■ Input ■
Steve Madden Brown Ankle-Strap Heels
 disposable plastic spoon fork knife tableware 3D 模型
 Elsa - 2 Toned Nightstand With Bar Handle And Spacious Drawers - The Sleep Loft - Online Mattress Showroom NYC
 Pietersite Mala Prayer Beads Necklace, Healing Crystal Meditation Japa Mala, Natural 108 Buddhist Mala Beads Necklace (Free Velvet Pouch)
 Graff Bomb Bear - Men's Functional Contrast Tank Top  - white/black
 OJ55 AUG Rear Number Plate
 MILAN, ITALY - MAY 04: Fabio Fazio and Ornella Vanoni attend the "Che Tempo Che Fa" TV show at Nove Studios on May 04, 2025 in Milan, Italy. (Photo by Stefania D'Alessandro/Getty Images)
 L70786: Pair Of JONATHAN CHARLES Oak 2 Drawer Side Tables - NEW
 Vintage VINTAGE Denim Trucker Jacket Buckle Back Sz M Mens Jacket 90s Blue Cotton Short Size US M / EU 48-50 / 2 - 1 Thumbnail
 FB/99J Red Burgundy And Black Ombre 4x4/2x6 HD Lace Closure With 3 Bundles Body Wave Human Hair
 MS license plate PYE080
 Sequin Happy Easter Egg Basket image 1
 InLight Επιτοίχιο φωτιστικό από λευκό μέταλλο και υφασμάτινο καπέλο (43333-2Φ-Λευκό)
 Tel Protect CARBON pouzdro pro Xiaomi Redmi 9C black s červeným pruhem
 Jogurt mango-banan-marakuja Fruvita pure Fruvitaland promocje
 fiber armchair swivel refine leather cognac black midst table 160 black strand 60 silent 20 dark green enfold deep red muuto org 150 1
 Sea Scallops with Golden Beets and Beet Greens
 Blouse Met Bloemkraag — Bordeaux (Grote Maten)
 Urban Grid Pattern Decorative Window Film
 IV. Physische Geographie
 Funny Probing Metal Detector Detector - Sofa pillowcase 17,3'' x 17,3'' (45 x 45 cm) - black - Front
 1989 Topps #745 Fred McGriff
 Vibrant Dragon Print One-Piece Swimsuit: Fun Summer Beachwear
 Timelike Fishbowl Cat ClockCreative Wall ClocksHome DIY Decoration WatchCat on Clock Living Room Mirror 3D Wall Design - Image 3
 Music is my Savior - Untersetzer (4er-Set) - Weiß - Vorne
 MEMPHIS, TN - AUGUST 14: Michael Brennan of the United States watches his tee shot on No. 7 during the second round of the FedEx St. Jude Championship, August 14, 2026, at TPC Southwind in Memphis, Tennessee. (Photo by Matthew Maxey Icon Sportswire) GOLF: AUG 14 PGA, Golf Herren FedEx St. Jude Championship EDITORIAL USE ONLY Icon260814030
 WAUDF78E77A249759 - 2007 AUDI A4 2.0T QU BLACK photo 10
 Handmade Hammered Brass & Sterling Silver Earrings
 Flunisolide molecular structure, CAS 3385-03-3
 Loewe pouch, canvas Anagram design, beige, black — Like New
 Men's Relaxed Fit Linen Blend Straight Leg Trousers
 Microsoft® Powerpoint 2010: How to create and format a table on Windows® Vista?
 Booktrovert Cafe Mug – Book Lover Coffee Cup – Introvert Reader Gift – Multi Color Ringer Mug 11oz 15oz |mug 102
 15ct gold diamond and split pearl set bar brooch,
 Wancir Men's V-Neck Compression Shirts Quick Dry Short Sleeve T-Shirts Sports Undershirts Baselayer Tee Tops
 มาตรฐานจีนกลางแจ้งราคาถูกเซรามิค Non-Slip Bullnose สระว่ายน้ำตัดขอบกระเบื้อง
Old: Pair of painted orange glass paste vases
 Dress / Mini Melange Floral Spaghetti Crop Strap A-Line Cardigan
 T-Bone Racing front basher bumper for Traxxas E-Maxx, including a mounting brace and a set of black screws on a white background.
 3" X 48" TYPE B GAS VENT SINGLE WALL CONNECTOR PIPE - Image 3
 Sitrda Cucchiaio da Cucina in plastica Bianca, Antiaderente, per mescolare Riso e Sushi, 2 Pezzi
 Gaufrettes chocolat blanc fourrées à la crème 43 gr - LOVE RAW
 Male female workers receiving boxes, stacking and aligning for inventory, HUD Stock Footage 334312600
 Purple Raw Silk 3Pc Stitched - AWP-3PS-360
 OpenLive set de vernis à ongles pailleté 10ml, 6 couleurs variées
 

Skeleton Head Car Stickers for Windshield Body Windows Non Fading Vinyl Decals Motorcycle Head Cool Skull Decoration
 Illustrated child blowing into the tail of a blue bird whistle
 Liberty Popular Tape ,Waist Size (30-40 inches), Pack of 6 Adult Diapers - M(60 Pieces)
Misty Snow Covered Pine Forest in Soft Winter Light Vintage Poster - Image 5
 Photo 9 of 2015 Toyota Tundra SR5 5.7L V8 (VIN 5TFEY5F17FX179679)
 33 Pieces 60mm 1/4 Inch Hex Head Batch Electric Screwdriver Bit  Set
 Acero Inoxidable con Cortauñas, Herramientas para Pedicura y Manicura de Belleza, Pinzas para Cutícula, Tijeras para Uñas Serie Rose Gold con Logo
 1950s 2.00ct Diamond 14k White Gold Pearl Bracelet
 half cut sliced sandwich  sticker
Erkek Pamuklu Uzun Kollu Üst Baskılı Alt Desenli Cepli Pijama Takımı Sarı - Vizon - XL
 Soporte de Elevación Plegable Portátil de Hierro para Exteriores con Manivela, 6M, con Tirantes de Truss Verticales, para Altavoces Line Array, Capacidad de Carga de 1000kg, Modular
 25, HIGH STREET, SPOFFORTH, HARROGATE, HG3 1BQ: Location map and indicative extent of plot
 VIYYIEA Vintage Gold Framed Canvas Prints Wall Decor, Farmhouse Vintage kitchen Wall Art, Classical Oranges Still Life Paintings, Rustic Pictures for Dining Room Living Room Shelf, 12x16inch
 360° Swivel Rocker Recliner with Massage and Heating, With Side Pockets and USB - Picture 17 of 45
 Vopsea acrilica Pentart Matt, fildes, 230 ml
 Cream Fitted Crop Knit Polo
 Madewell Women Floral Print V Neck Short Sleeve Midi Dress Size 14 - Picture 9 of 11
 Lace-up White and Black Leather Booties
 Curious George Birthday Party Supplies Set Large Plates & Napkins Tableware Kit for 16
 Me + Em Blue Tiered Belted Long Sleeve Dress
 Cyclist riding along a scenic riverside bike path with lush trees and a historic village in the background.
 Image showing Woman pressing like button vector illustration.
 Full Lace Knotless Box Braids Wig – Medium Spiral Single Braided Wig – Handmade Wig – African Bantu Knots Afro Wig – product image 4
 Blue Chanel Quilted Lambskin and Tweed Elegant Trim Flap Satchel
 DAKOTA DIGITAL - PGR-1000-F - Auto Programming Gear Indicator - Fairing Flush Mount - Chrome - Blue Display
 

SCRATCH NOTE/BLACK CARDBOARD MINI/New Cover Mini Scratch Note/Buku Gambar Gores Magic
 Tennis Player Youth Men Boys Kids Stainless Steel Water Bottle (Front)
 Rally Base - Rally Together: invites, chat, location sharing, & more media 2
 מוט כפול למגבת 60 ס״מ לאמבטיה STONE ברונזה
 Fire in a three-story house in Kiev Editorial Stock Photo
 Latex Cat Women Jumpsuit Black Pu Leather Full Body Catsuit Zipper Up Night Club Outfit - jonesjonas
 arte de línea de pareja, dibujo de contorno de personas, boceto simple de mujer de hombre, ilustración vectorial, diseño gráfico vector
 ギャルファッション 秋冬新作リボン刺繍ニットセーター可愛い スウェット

■ Assigned task ■
Above are the entries. Copy exactly the part that opens with the line containing "Me + Em Blue Tiered Belted Long Sleeve Dress" and closes with the line containing "Image showing Woman", and no more.

■ Answer below ■
 Me + Em Blue Tiered Belted Long Sleeve Dress
 Cyclist riding along a scenic riverside bike path with lush trees and a historic village in the background.
 Image showing Woman pressing like button vector illustration.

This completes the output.